(Beginning of Material provided)

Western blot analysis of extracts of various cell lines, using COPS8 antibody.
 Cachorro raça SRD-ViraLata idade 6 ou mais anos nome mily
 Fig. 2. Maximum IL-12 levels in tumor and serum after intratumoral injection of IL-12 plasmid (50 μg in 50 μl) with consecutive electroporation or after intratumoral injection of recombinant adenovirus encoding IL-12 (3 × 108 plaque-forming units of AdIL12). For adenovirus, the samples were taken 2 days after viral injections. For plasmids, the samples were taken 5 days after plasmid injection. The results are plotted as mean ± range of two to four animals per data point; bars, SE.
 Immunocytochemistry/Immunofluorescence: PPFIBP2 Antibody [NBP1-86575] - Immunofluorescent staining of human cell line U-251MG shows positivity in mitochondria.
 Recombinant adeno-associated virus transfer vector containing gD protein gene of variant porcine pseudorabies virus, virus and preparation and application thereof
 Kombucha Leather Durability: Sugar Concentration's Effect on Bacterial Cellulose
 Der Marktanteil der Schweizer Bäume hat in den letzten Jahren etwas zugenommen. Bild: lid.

(End of Material provided)

What you have to do
Repeat word for word the lines running from the line containing "Kombucha Leather Durability: Sugar" to the end of the entries above, inclusive.

Answer to this exercise
 Kombucha Leather Durability: Sugar Concentration's Effect on Bacterial Cellulose
 Der Marktanteil der Schweizer Bäume hat in den letzten Jahren etwas zugenommen. Bild: lid.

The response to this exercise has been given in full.